On the stump, he is Dudley Do-Right running for Chief Mountie: a mix of goggle-eyed sincerity, crisp enthusiasm and slightly goofy charm. But so far, he has failed to raise a pulse. His standings in both Iowa and New Hampshire remain little higher than most polls' margins of error. The received wisdom on Pete du Pont is that he is at best a political eccentric who has raised the quality of the debate by injecting controversy, at worst an opportunist -- an East Coast moderate in Jack Kemp clothing. Within his party he is accused of hubris, at the very least, in running against such GOP stalwarts as Bush and Dole.

His supporters counter that he is offering a strong record as governor, a degree of executive experience du Pont claims is absent in "the vice president, the senator, the congressman, the general and the preacher."
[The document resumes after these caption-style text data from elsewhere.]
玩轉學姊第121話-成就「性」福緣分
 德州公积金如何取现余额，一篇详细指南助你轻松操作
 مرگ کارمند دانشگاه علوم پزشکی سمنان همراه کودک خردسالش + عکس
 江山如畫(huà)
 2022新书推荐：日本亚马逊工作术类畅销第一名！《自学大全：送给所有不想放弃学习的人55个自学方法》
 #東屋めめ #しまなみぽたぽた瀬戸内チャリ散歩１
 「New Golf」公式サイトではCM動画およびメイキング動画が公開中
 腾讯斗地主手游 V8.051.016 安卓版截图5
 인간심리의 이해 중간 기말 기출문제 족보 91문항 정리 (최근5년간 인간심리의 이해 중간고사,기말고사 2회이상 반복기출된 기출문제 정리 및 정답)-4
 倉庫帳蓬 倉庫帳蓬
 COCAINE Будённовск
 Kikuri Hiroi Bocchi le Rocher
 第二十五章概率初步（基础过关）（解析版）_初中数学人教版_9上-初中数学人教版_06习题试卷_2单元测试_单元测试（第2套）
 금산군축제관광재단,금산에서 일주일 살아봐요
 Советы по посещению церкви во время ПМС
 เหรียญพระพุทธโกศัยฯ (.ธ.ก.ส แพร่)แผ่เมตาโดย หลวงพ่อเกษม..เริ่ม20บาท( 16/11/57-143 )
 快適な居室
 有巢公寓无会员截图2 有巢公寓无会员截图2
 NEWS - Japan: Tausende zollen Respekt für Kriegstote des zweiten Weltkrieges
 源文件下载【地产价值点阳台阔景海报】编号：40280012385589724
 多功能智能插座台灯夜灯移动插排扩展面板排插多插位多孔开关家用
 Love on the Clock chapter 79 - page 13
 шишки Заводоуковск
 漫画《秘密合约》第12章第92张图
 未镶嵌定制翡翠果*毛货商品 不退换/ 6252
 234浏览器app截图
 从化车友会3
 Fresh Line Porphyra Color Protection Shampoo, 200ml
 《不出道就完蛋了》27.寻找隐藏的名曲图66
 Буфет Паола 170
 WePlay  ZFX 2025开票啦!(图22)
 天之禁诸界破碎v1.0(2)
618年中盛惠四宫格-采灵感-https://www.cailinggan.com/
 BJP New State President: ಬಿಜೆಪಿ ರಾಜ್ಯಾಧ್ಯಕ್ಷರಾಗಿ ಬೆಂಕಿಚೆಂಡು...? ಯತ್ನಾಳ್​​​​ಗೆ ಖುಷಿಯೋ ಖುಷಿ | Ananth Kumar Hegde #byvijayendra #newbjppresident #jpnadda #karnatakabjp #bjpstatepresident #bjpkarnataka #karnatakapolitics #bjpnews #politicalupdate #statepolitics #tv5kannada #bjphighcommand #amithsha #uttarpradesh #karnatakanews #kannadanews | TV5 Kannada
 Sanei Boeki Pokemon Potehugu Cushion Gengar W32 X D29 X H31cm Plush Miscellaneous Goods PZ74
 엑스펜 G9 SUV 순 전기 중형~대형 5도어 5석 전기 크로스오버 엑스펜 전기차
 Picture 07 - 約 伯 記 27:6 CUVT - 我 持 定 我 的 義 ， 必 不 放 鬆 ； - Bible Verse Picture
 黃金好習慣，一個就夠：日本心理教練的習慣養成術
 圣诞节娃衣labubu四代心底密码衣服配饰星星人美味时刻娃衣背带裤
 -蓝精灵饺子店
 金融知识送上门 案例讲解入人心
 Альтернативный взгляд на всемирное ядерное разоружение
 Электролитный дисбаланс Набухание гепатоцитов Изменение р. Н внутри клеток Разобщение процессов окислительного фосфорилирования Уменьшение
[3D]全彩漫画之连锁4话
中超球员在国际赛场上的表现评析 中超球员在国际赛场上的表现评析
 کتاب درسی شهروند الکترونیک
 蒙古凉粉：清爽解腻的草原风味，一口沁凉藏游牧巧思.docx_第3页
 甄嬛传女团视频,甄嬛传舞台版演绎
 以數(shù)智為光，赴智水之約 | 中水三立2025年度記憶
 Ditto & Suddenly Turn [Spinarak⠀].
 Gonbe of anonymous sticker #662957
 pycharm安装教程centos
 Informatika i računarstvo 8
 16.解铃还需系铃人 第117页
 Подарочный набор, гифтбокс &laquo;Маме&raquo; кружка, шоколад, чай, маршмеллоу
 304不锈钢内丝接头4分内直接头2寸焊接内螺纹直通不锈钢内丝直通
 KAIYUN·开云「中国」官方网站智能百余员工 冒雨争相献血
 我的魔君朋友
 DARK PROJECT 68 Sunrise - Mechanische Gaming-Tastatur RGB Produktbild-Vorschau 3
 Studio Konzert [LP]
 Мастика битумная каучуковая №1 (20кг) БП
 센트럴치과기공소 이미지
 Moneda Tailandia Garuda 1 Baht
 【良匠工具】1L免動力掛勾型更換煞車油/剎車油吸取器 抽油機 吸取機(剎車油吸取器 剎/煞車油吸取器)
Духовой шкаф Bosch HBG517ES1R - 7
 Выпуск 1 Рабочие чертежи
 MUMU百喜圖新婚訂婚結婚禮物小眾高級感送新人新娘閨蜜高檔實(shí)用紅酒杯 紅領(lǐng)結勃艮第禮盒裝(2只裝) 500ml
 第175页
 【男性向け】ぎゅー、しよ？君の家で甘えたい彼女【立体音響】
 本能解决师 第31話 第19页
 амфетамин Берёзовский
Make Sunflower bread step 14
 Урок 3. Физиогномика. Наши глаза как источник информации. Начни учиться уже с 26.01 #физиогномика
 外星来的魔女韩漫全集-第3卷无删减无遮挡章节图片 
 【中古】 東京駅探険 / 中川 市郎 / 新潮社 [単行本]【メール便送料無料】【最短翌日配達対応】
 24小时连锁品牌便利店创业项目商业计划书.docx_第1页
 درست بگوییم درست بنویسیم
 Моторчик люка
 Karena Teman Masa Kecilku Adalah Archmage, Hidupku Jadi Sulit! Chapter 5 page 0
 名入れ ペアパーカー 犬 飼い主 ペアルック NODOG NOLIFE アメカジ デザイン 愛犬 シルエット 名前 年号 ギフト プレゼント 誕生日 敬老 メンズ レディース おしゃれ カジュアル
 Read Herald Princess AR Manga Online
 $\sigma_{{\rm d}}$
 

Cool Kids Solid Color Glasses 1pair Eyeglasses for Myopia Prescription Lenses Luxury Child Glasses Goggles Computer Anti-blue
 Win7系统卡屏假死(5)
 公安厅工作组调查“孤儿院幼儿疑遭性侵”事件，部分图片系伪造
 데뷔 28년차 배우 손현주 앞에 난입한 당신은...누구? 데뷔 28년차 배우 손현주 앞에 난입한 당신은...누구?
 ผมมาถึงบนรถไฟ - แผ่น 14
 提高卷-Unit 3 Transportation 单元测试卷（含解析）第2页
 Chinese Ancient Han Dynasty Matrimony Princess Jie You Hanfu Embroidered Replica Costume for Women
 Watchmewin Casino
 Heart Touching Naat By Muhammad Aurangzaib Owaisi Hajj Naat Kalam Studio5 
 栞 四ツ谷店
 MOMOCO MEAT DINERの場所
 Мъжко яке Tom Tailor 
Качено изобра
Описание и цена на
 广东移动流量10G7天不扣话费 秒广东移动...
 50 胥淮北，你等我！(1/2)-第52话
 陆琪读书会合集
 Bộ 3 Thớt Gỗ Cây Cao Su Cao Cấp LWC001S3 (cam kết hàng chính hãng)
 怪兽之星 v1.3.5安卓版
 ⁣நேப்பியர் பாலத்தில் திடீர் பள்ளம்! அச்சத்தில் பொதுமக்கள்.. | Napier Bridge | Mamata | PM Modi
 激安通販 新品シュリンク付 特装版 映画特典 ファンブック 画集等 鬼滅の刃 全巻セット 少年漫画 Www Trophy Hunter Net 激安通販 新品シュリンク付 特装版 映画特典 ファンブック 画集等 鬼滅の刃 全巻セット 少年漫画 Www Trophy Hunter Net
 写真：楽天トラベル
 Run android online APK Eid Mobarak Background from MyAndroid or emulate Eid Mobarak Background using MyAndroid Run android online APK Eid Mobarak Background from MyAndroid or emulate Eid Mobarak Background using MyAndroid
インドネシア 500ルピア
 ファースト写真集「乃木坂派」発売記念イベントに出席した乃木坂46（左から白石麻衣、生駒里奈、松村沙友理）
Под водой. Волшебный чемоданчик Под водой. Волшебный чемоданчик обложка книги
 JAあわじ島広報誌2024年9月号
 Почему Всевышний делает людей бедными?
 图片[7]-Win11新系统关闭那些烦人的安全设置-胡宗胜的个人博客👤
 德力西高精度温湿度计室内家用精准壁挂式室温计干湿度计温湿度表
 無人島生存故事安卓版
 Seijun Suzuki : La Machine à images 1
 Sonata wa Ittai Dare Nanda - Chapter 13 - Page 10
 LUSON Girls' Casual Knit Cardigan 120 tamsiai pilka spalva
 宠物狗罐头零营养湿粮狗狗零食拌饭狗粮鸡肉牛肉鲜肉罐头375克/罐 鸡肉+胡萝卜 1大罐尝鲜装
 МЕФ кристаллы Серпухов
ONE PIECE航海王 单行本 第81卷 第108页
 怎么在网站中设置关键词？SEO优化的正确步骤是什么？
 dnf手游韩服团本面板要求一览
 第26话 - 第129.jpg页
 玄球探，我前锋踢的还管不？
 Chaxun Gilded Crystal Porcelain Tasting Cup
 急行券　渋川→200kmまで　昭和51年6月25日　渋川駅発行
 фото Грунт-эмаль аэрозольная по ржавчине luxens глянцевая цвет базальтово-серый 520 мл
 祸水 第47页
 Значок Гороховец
But that is not his chief singularity. What truly sets him apart is his belief that he needs the voters less than they need him. In the words of Glenn Kenton, a longtime aide who is now his campaign chairman, "A long, complicated, arduous climb to be president is not for Pete du Pont. He doesn't need it."

If he is not the only politician in America who feels this way, he is surely the only one unwise enough to let it show.

His third event of the day is in Belle Plaine, outside Cedar Rapids, Iowa, and he gets a warm ovation. There has been a mock caucus held here, and du Pont won the Republican "nomination" handily. He tells the cheering audience, "That's the best reception I've had anywhere in Iowa."

Unfortunately, he is standing in a school gymnasium, and the median age of his audience is about 12. Worse still, his statement may be literally true.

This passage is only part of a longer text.